*Requirement*
Whenever an image turns up, omit it and return the remaining data exactly.

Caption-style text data

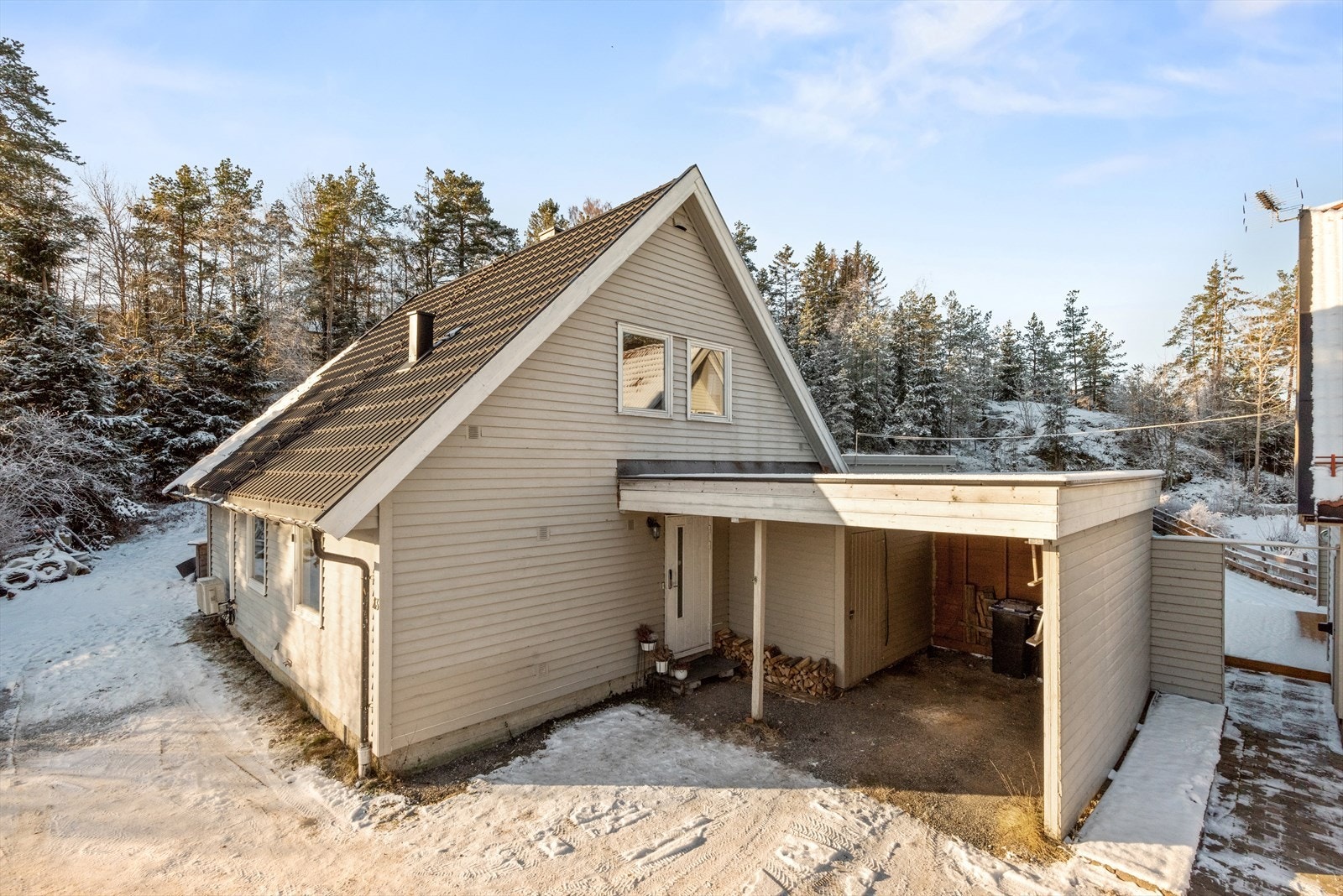 Det er plass til flere biloppstillingsplasser på fremsiden av huset. Galleribilde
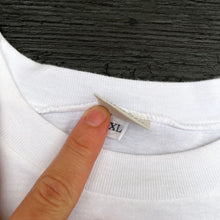 Load image into Gallery viewer, BENETTON 90'S T-SHIRT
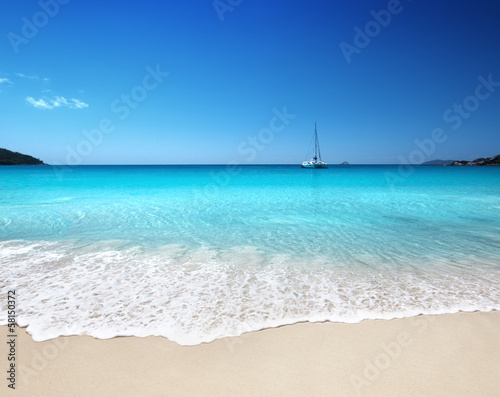 Board z aluminiowym obramowaniem Anse Lazio Beach na wyspie praslin, Seszele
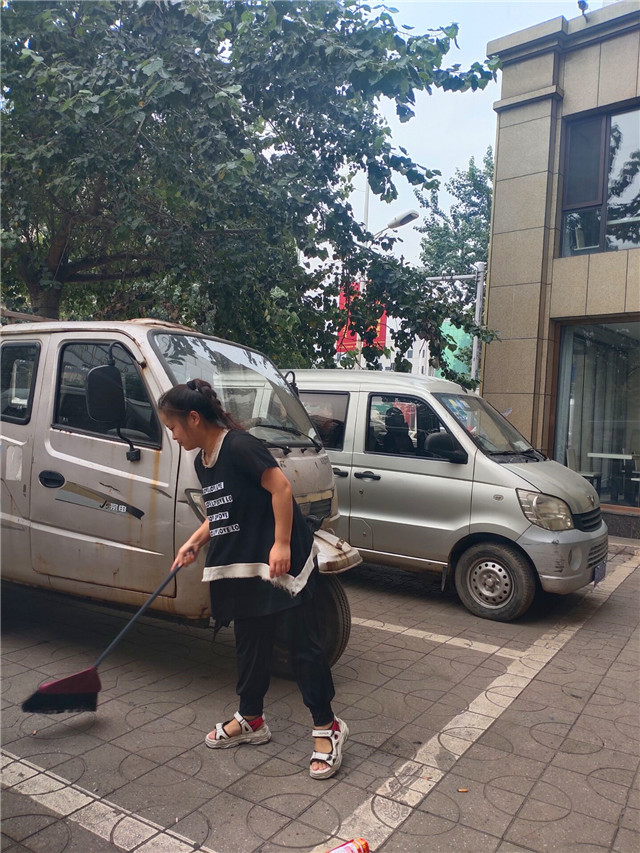 【暑期社会实践】勤劳实干 乐于奉献——“劳动至美”暑期劳动实践教育活动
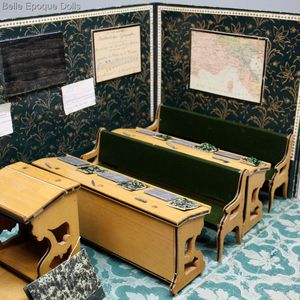 French miniature school room , Badeuille School , Miniaturschule für kleine Puppen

*Answer area*
 Det er plass til flere biloppstillingsplasser på fremsiden av huset. Galleribilde
 Load image into Gallery viewer, BENETTON 90'S T-SHIRT
 Board z aluminiowym obramowaniem Anse Lazio Beach na wyspie praslin, Seszele
 【暑期社会实践】勤劳实干 乐于奉献——“劳动至美”暑期劳动实践教育活动
 French miniature school room , Badeuille School , Miniaturschule für kleine Puppen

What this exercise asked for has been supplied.